Алино состояние похоже на штангу в руках волка из мультика «Ну погоди». Помните? Когда на штангу села бабочка, волк накренился и как не крепился, ноги заплелись, его понесло, и случился большой бум. Так и Алинка. Она живет в равновесии. Но может накрениться и взорваться от легкого нажатия.
А тут не бабочка. Тут целая взрослая мама с огромным ведром тщательно продуманных отборных обвинений. И наверное, когда она выливает это ведро на голову Альки, есть у нее добрые намерения переделать, исправить, улучшить дочь. Как думаете?
- Конечно, свекровь можно понять, она тебе ненавидит, - сочувствует мама. – Как за что? Ты ее сыну жизнь испортила. Ничего хорошего с тобой не видел.
Аля задыхается. Перед глазами счастливое лицо мужа, который тащит на шее их карапуза в ванну. Глаза светятся. Там восхищение, гордость, умиление. Чуть слышно тихое бормотание: что-то про Алинку и ребенка, и подарок, и чудо…
Муж умер. Он никогда теперь не скажет, было ему хорошо или нет. Но она помнит его лицо, его дыхание, его счастье…
Алина не может вдохнуть воздух. Потому молчит. В голове крутятся вопросы к маме «с чего ты решила», «откуда ты знаешь». Но губы говорят другое:
- Значит, я виновата?
- Оба, и у тебя рыльце в пушку, - припечатывает мама. – Ребенка несчастным сделали.
И тут Аля проваливается. Падает в яму. Она снова маленькая. И никчемная. И ничего не может с этим сделать.

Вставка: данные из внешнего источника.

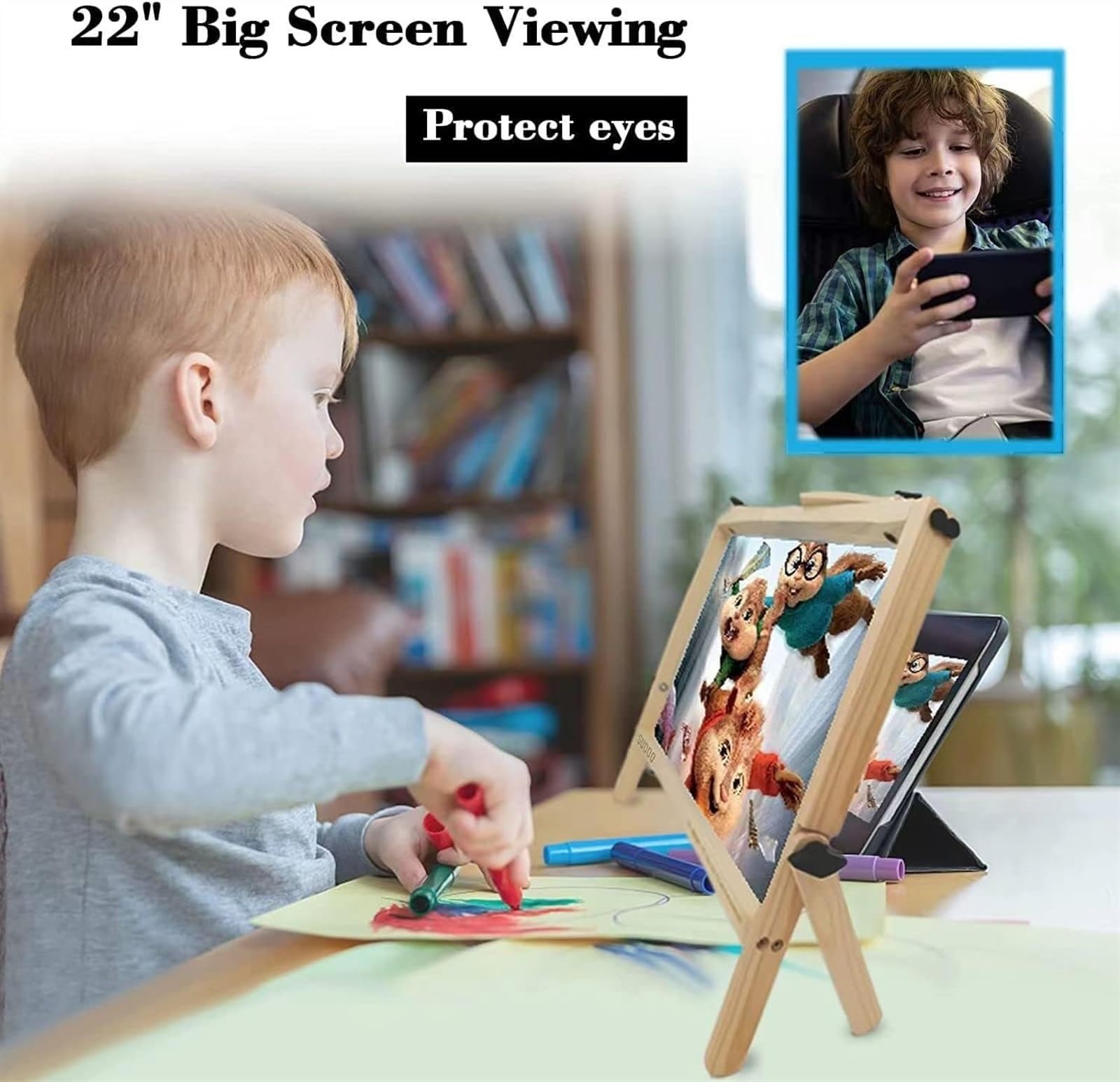Okulary powiększające 56 cm lupa ekranu laptopa dla seniorów, kompatybilna z telefonem komórkowym 15/16/17/18/20 cali, tabletem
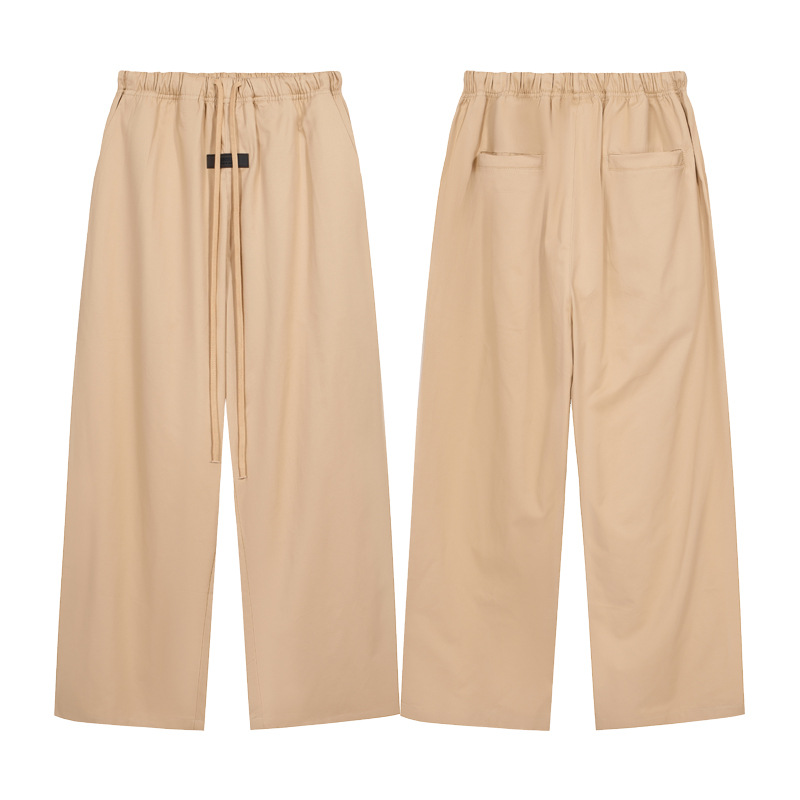 High Street doble línea ESSENTIALS FOG color sólido tejido de los hombres rectos sueltos pantalones casuales con cordón moda delgada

- Ты уже жизнь прожила, и деградируешь, - развивает мама успех. – И ребенку жить не даешь.
Про ребенка разговор вечный: Аля плохо готовит, не вовремя укладывает спать, плохо гуляет, и вообще, ребенок слишком сильно ее любит и только ее слушается, что очень-очень плохо. Вот так.
Аля слышит только слово «жизнь» и слово «прожила». И вдруг начинает кричать:
- Не прожила! Я живу! Живу, - в руках оказывается кружка, и она начинает стучать ею по дивану. Кружка не бьется. Мама продолжает говорить. Аля стучит.
И вот теперь, спустя пару часов, слезы, сопли, 400 капель валерьянки. Алинка понемногу приходит в себя. В себя взрослую. Она чувствует себя растерянной, и растерзанной, и очень уставшей.
Почему так чувствительно? Почему не получается сразу положить трубку, не слушать, не слышать, не реагировать? Не проваливаться в состояние беспомощного малыша?
Но как не провалиться, если яма есть. В душе огромная зияющая брешь. Пустота. Ты ходишь по краю пустоты. И будешь падать в нее всякий раз от легкого толчка. Но в какой-то счастливый момент, упав в очередной раз, выбравшись в очередной раз, ты можешь понять, что произошло. Можешь увидеть себя. Посмотреть на себя. Проложить через эту яму для себя мостик. Или заполнить ее чем-то, что дружелюбнее пустоты. Но сначала – увидеть.
Алинка не может заблокировать маму. Она будет снова с ней говорить. А потом долго и мучительно отделять свою вину от своей не вины.